Pc: The conditional chance that an A-unit reacting to one stimulus will respond to another. As threshold and inhibitory connections rise, it falls. Even with disjunct stimuli, Pc is greater than zero. Pc unites as stimuli match28. Lower Pc for smaller stimuli and higher thresholds.
Mathematical study of learning evaluates the system’s performance in terms of Pr (probability of accurate response between two options after a learning period) and Pg. Two systems are analyzed to determine the prevailing response: the mean-discriminating (μ-system) and the sum-discriminating (Σ-system).
A general equation approximates Pr and Pg. This equation incorporates elements such as P(Nar > 0) and constants (c1, c2, c3, c4) based on perceptron physical properties and stimulus environment organization.
Performance of the perceptron in several environments
Ideal Environment: Random lighting points without intrinsic similarity categorization. In this scenario, c1 is zero, hence Pg cannot exceed the random expectation. Pr analysis shows that alpha (α), beta (β), and gamma (γ) systems have distinct value-gain mechanisms. The μ-system typically outperforms the Σ-system.
Differentiated Environment: Multiple stimulus classes exist. When each response’s stimuli are from a different class, c1 becomes non-zero. This makes the performance asymptote non-random. Interestingly, Pg approaches Pr’s asymptote in the differentiated environment. In the limit, performance is good whether the test stimulus has been observed before or not. Better-than-chance performance occurs when the predicted value of Pc between members of the same class (Pc11) is larger than Pa, which is greater than Pc between stimuli from different classes (Pc12).

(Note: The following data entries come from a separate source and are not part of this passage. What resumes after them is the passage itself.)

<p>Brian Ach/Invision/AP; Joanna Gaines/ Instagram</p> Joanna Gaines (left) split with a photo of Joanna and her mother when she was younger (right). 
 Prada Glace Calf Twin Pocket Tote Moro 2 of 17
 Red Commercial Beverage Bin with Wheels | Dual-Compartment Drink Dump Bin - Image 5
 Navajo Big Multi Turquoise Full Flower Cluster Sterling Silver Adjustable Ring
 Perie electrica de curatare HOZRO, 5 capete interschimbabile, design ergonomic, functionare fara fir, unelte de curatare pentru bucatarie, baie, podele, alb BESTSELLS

Bivalent systems offer positive and negative reinforcement. These systems allow active A-units to gain or lose value based on reinforcement signals. Bivalent systems reduce bias better. They facilitate trial-and-error learning. Computer simulations confirmed the theory’s predictions for bivalent systems.
Spontaneous Organization and Better Perceptrons
- If stimuli leave a record, statistical separability can separate temporal patterns like velocities or sound sequences.
- In the projection area, constraining origin point spatial distribution can make A-units contour-sensitive and increase performance.
- A-unit decay allows “spontaneous” idea creation, when the perceptron distinguishes stimulus classes without reinforcement.